(Instructions to follow): For any picture in the lines below, please leave it out and copy the rest exactly.

(Data shown):

::::

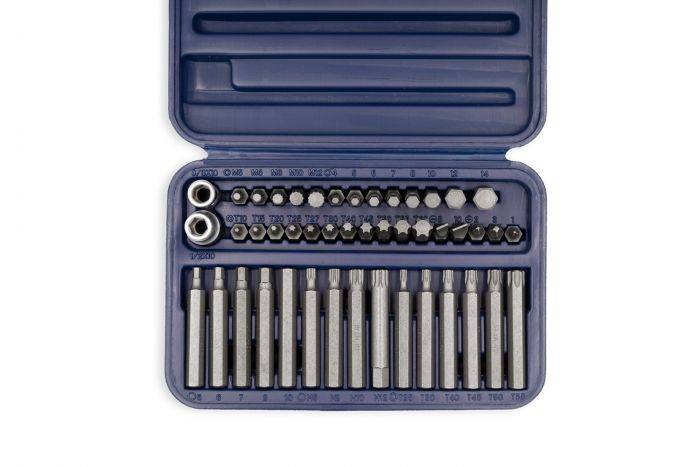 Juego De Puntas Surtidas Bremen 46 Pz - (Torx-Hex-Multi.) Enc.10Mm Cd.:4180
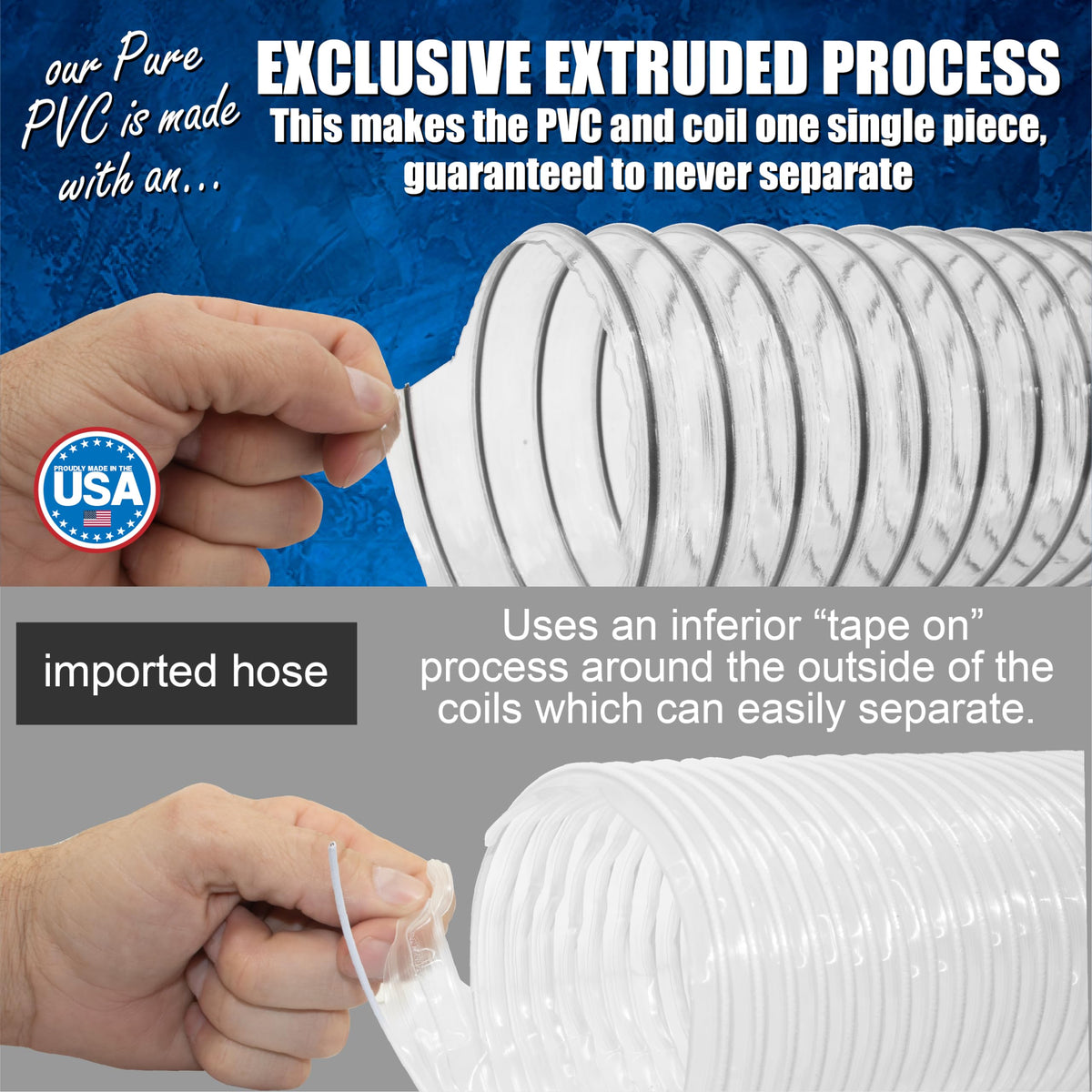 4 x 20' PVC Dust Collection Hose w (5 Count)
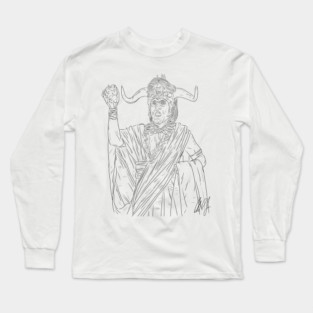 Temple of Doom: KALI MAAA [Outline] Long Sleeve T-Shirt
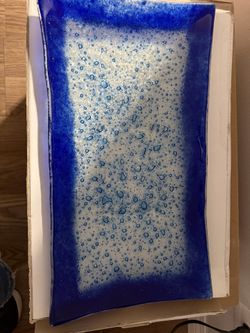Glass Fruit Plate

::::

(Written response):
 Juego De Puntas Surtidas Bremen 46 Pz - (Torx-Hex-Multi.) Enc.10Mm Cd.:4180
 4 x 20' PVC Dust Collection Hose w (5 Count)
 Temple of Doom: KALI MAAA [Outline] Long Sleeve T-Shirt
Glass Fruit Plate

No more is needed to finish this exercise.